Segment Start: EXCERPTED DATA

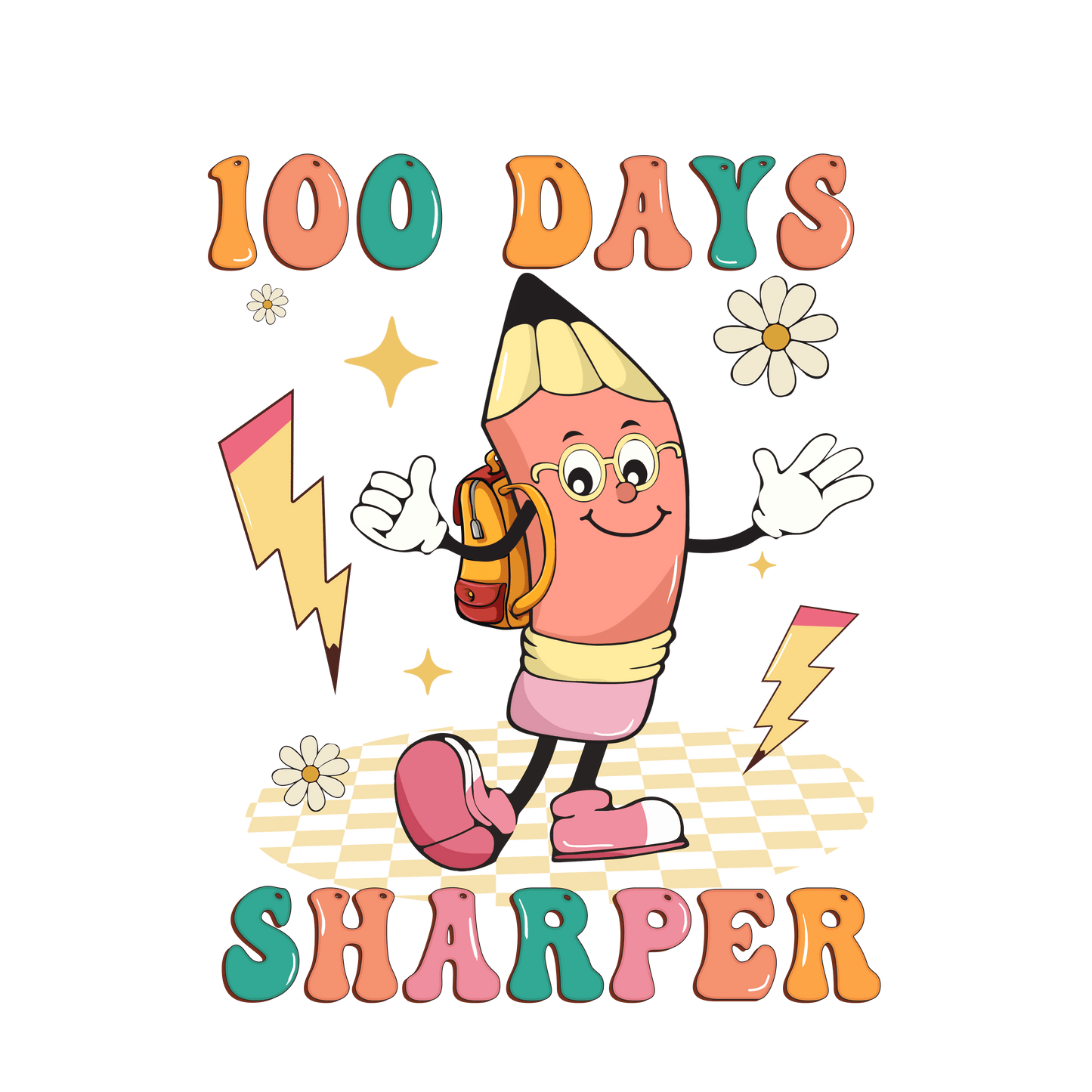 100 Days Sharper Design - DTF Ready To Press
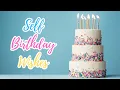Self Birthday Wishes for Myself | Happy Birthday to Me SMS | Bday Messages to Myself | Birthdaywrap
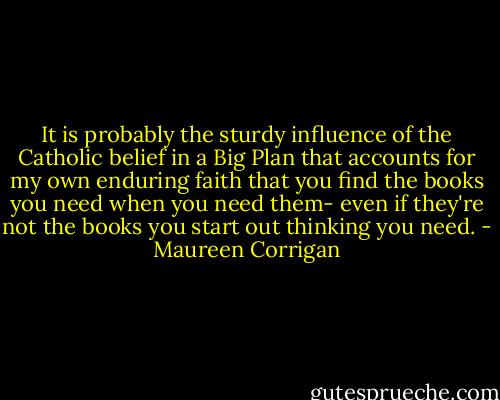 It is probably the sturdy influence of the Catholic belief in a Big Plan that accounts for my own enduring faith that you find the books you need when you need them- even if they're not the books you start out thinking you need. - Maureen Corrigan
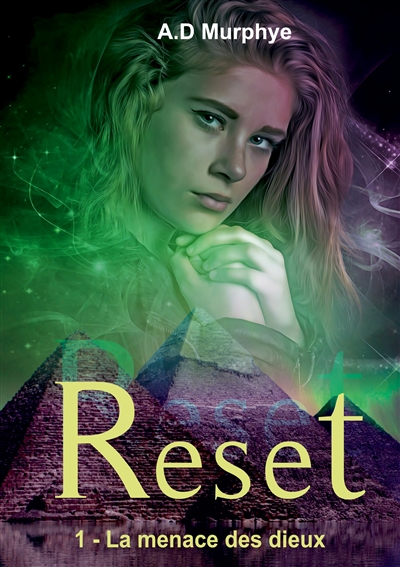 RESET : Tome 1 : La menace...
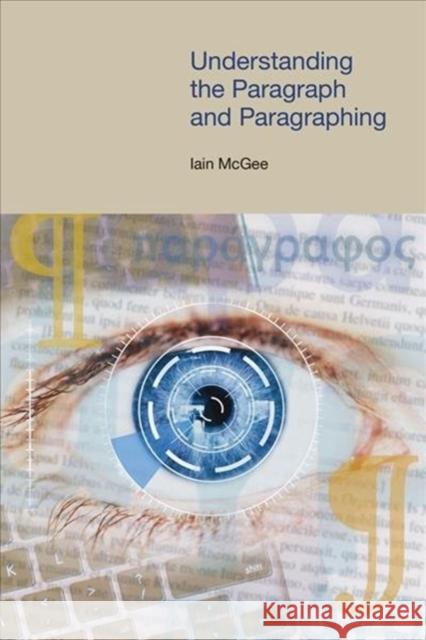 Understanding the Paragraph and Paragraphing Iain McGee 9781781792872 Equinox Publishing (Indonesia) - książka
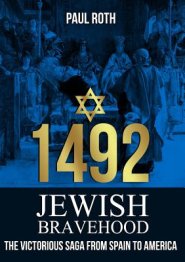 1492 Jewish Bravehood : The victorious saga from Spain to America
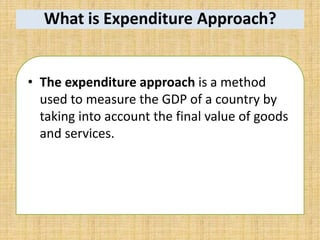 What is Expenditure Approach?
• The expenditure approach is a method
used to measure the GDP of a country by
taking into account the final value of goods
and services.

Segment End: EXCERPTED DATA

WORK TASK —
Return the records word for word, leaving every picture out of the copy.

OUTPUT —
 100 Days Sharper Design - DTF Ready To Press
Self Birthday Wishes for Myself | Happy Birthday to Me SMS | Bday Messages to Myself | Birthdaywrap
 It is probably the sturdy influence of the Catholic belief in a Big Plan that accounts for my own enduring faith that you find the books you need when you need them- even if they're not the books you start out thinking you need. - Maureen Corrigan
 RESET : Tome 1 : La menace...
 Understanding the Paragraph and Paragraphing Iain McGee 9781781792872 Equinox Publishing (Indonesia) - książka
 1492 Jewish Bravehood : The victorious saga from Spain to America
 What is Expenditure Approach?
• The expenditure approach is a method
used to measure the GDP of a country by
taking into account the final value of goods
and services.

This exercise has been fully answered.